古関 鵜養の無農薬無肥料の田んぼでできたお米の酒を飲んだ時に、俺の知っていた美しさは、きれいじゃなかったな、というくらいの違いでした。無農薬無肥料の味わいは、利き酒用語にないんです。前の酒の世界は、色を塗って描ける美しさだったなって。無農薬の田んぼから出たお米の酒って、味が透明なんですよ。説明すると、日本人は、甘いものだけおいしいと思っているわけではなくて、実は秋田の人はもともと知っているんですが、山菜は、オーガニックじゃないですか。あれって甘くないでしょ。むしろ苦くて、深い。山菜の味のおいしさは一言でいうと生命感。香りの鮮やかさとか、春には体に入れたいって思う。僕の米でできた酒を飲んだ時に、甘さじゃない、生命感って思いました。

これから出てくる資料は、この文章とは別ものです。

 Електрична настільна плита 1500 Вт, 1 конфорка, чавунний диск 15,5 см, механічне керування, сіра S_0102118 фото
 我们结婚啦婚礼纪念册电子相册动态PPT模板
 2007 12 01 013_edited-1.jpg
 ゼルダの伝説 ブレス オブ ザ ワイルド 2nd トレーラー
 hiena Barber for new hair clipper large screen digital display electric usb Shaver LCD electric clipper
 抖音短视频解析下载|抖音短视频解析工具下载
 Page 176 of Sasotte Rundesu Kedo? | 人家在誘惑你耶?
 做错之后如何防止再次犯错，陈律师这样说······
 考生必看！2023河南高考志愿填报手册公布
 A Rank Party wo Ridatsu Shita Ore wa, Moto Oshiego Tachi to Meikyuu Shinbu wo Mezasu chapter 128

── 酒造りと米作りに、一貫した考えがあり、こういう方なら米も作れる、って思うんですけど、とは言え、誰かがおいしい酒できたよ〜ってそれを飲んだ時に、やっぱり酒を造りたいな、って思わないですか?今年で何年目ですか、酒を造らなくなって。

古関 造りから離れてもう6年になるのかなあ。

── 6年……。

古関 僕の職業は杜氏です。造りたくないか、って言うと、造りたいです。でも、全部の責任をとるのが杜氏の仕事。今うちの蔵では後輩が杜氏をやっています。彼なりのやり方で全部の責任をとっています。僕がちょっと行って、やらせてくれって言ってやらせてもらえるものではないと思っています。杜氏はやりたいけど、蔵を預かって、酒を育てて、人を育てるのが杜氏なので。

── ここにできる蔵で、またやってみたいと

古関 そうです。だから必死ですよ。何年後にできるか分からないので。僕、今46歳で。娘が今度大学に行くんですけど、娘の成人式には無理だって見えてきました。娘が結婚するかどうかは分からないけど、娘が結婚する時は、僕が造った酒じゃないといやかな。

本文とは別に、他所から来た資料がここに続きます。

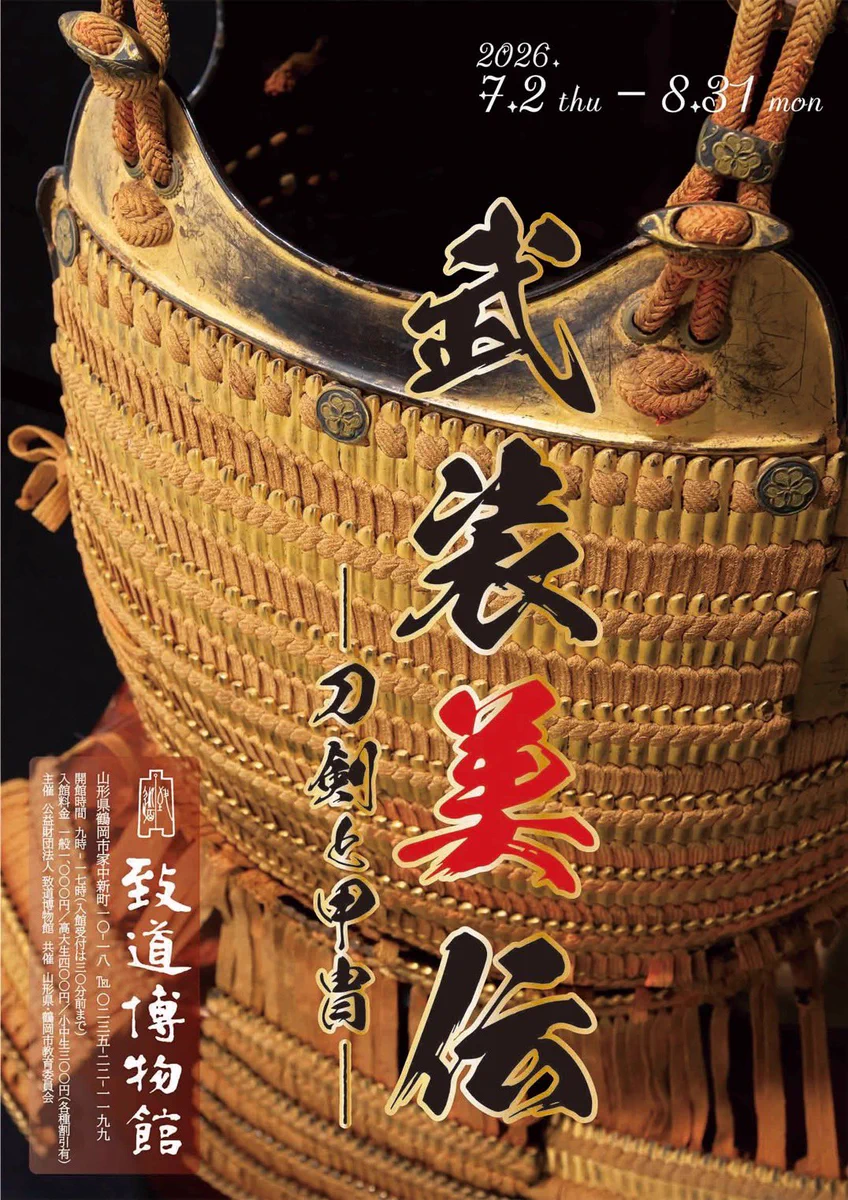致道博物館 on X: 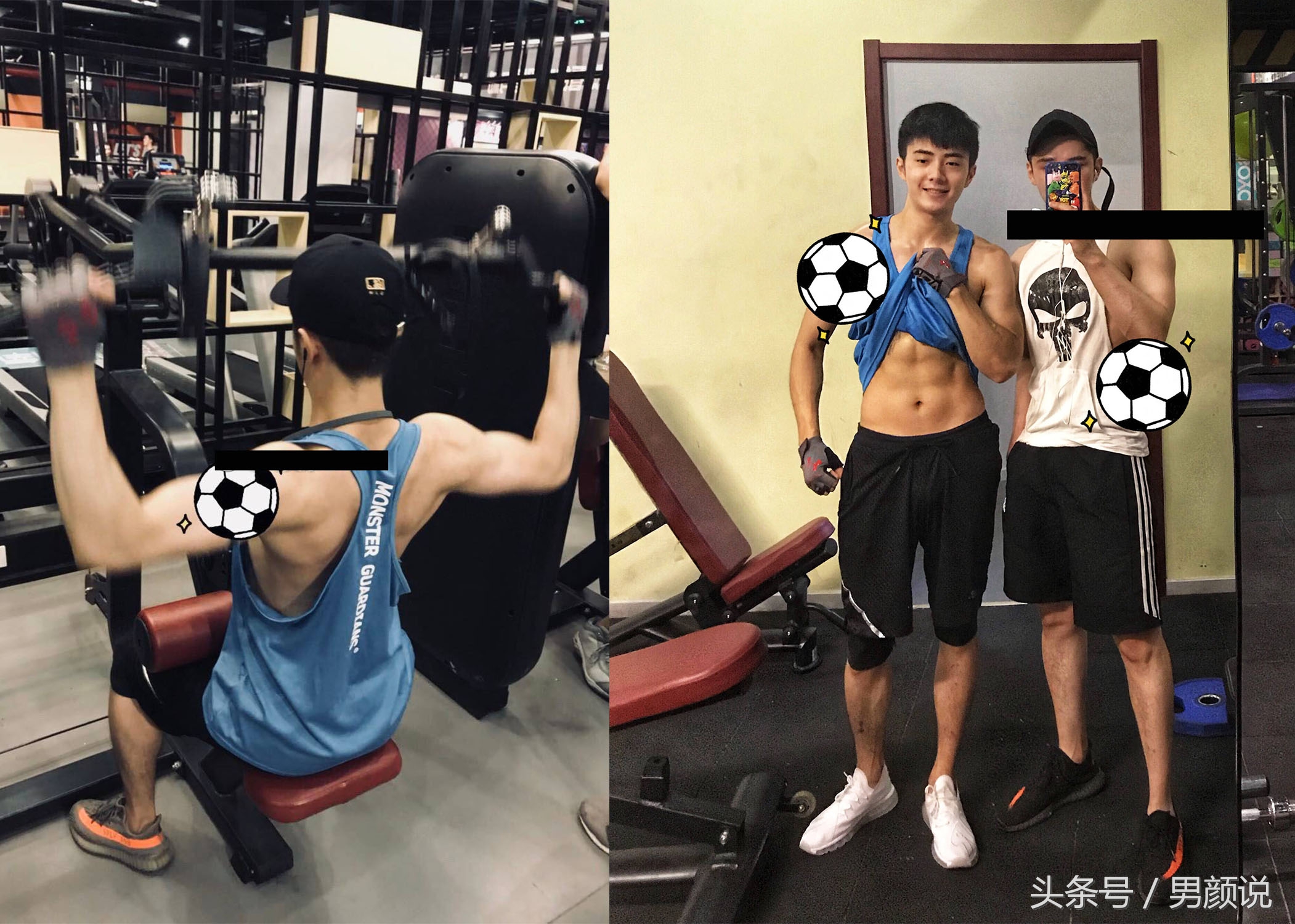 95后帅哥电视剧,95后肌肉男帅哥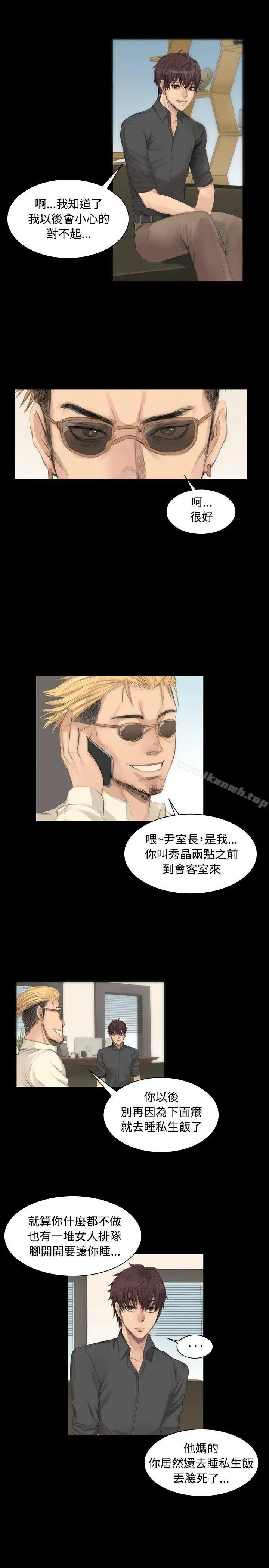 製作人:练习生 第6话 第8页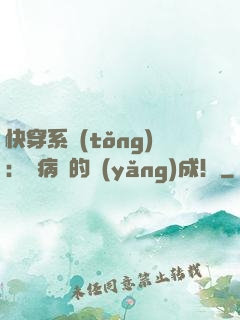 快穿系統(tǒng)：論病嬌的養(yǎng)成！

── そこまで思ってるっていうか、米作りも酒造りと思ってやられているんでしょうけど、なんか我慢してるっぽい……。

古関 我慢はしていません!

心に優しく触れる酒

── 不安はないですか?腕が鈍る。

古関 置かれた状況からどう超えてくかが自由だと思っています。僕は今、造りを忘れていっていると思います。忘れていっていると思うけど、ブランクが2年や3年で戻っていれば、やっていた時の延長線上の造りをしたと思う。今は新しいインプットが死ぬほどある。田んぼに出て、地域に出て、これまでと全く畑違いの分野でたくさんインプットしているので、その自分が、忘れた状態でどんな酒を造るのか楽しみです。今は造りから離れていますけど、この壁でどう酒造りに戻れるか考えています。仕事で自由になりたい。

── 味覚は、歳をとるとどうなるのですか?

古関 一般論でいうと、鈍りますね。

── そういうことになってるんですね。

古関 杜氏組合で利き酒をやると、年配の方は成績がよくないです。ただ、利き酒が弱いからいい酒を造れないかというと、ベテランの方に関しては必ずしもそうではない。同じ金賞でも、この人の酒すげえなっていう酒と、これはレシピの酒だな、というのは感じるものがあるんです。名人だって尊敬するような人の酒って、生命現象としてのもろみがきれいなんだと思います。発酵は、生命の現象なので、全部のバランスでそこにできる発酵の世界が、たぶん美しい。 美しい発酵をしている人の酒が、たぶん美しいんですよね。それは、味覚だけではない。蔵人の面倒から、掃除から、含めて。いろんなことを含めてトータルでお酒は出来上がるから。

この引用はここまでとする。